Politik / 31.05.2024 • 21:20 Uhr
Für regionale Projekte im Land steht EU-Fördergeld zur Verfügung.  VN/KH
Nach der Europawahl sitzt voraussichtlich keine Vorarlbergerin oder kein Vorarlberger mehr im Europäischen Parlament. VN/Klaus Hartinger

Warum es zum Problem werden kann, wenn Vorarlberg ohne eigenes Büro und ohne Abgeordneten in Brüssel vertreten ist.

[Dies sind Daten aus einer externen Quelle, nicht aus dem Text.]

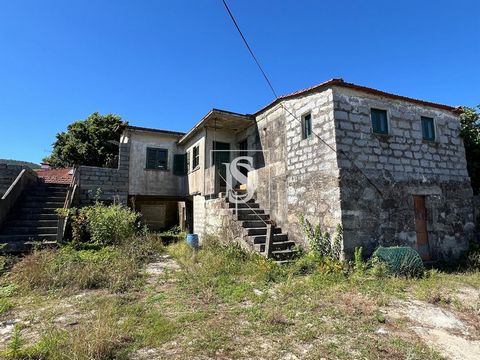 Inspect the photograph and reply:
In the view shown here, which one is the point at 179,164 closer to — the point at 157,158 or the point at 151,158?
the point at 157,158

Von Magdalena Raos und Maximilian Werner

Brüssel, Wien, Bregenz „In Brüssel zählt für mich nur eines: Oberösterreich.“ Diesen Spruch plakatiert Angelika Winzig, Kandidatin für das Europäische Parlament, in ihrem Heimatbundesland Oberösterreich. Sie wird – als Listenzweite der Volkspartei – wahrscheinlich weiter als Abgeordnete in Brüssel sitzen. Aus Vorarlberg wird es hingegen wohl niemand ins EU-Parlament schaffen. Die aktuelle Europaabgeordnete Claudia Gamon von den Neos wechselt ins Land, auch in den anderen Parteien haben es keine Vorarlbergerinnen und Vorarlberger auf wählbare Positionen geschafft. ÖVP-Bundesrätin Christine Schwarz-Fuchs aus Lustenau steht auf Listenplatz zehn (als „West-Kandidatin“ der Volkspartei gilt die Tiroler Landtags-Vizepräsidentin Sophia Kircher), Joachim Fritz aus dem Kleinwalsertal bei der FPÖ auf Listenplatz neun. Ist das ein Nachteil fürs Land?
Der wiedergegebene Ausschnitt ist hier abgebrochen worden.